Bien que ce qui constitue une « négation de l'Etat d'Israël comme état du Peuple juif. » ne soit pas très explicite, des positions comme le soutien à la solution de l'état binational - état unique comprenant la bande de Gaza et la Cisjordanie, à la fois juif et arabe - ou le soutien à l'octroi aux Arabes des mêmes droits que les Juifs à s'établir en Israël pourraient en relever.
Le 17 juin 1988, avant les élections législatives, le Comité central pour les élections utilisa ce point comme justification pour interdire la participation électorale de la Liste progressiste pour la Paix. Le parti fit appel de cette décision devant la Cour suprême, qui infirma la décision du Comité central pour les élections et rendit possible la participation de la Liste progressiste pour la Paix aux élections. Cependant, la Cour n'a pas informé la section 7a : elle a principalement statué que la Liste progressiste pour la Paix ne tombait pas sous son application.
Selon la brève présentée par Yossi Bard, membre important du parti, la Liste progressive pour la Paix ne discute pas du caractère juif d'Israël, mais penser que ce caractère doit être interprété au regard du caractère démocratique d'Israël, c'est-à-dire que le caractère juif d'Israël ne peut être prétexte à discrimination envers les citoyens non-juifs, cette discrimination indiquant par définition qu'Israël n'est pas une démocratie. C'est pourquoi la Liste progressiste pour la Paix tenant pour acquis que la majorité des citoyens israéliens est juive, leur culture et leurs traditions influencent naturellement la culture globale du pays, ce à quoi le parti n'a aucune objection.
Les juristes du Kach présentèrent ce qu'ils appelèrent « une sorte de brève-reflet », dans laquelle ils indiquèrent que le Kach n'a pas d'objection au caractère démocratique de d'Israël, mais que celui-ci doit être interprété au regard du caractère juif de l'état - c'est-à-dire que le caractère démocratique d'Israël ne peut signifier aucune entorse à la position prééminente des Juifs dans toutes les sphères de la vie israélienne, une telle entorse signifiant qu'Israël ne peut alors être un état juif (ou du moins, ce que le Kach considère être un état juif). Le Kach indique alors ne pas avoir d'objection à l'élection de dirigeants lors de scrutins libres et à ce que les organisations et partis politiques aient liberté d'expression tant que le pouvoir économique et politique est exclusivement aux mains des Juifs.
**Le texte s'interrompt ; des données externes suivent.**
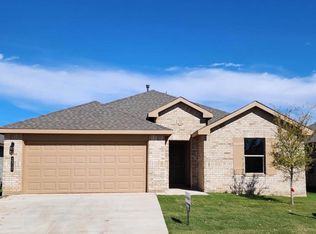 2312 149th St, Lubbock, TX 79423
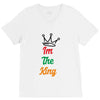 fahrie77 V-Neck Tee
La Cour suprême brisa cette « symétrie » en approuvant la Liste progressiste pour la Paix et en déboutant le Kach, ce qui conduisit à l'interdiction du dernier et à l'autorisation de la première. Cet avis créa un précédent crucial dans la jurisprudence constitutionnelle israélienne en indiquant que le soutien à l'égalité des droits pour les Arabes israéliens n'est pas un déni du caractère d'état juif démocratique d'Israël, alors que s'opposer à cette égalité est bien le contraire.
En avril 1988, Adam Keller, porte-parole de la Liste progressiste pour la Paix, fut arrêté par la police militaire pour infraction au devoir militaire de réserve obligatoire pour tous les hommes juifs israéliens. Il fut accusé d'avoir fait des graffitis sur 117 tanks et autres véhicules militaires, exhorté les soldats à refuser de servir dans les Territoires occupés et d'avoir retiré des ordres permanents de panneaux d'affichage et de les avoir remplacés par des tracts de la Liste progressive pour la Paix exprimant la « colère et la protestation » contre « l'élimination systématique des manifestants palestiniens désarmés » et appelant à « la création d'un état palestinien indépendant, au côté de l'état d'Israël ». Adam Keller avoua les actes qu'on lui avait attribués, les revendiqua même en les déclarant plus dignes d'éloges que criminels. À la fois durant les interrogatoires et son procès, Adam Keller répéta constamment avoir agi seul, sans implication d'autres membres du parti ou se réclamant du parti, les tracts du parti ayant été laissés dans son sac lors d'une réunion à laquelle il assistait la nuit précédant son ordre d'incorporation, et qu'il ne les avait pas apportés avec l'intention préméditée de les distribuer aux soldats mais plutôt de les avoir apposé sur le tableau d'affichage militaire par réaction spontanée à une nouvelle radiodiffusée faisant part d'actes de répression particulièrement durs par des soldats en Cisjordanie.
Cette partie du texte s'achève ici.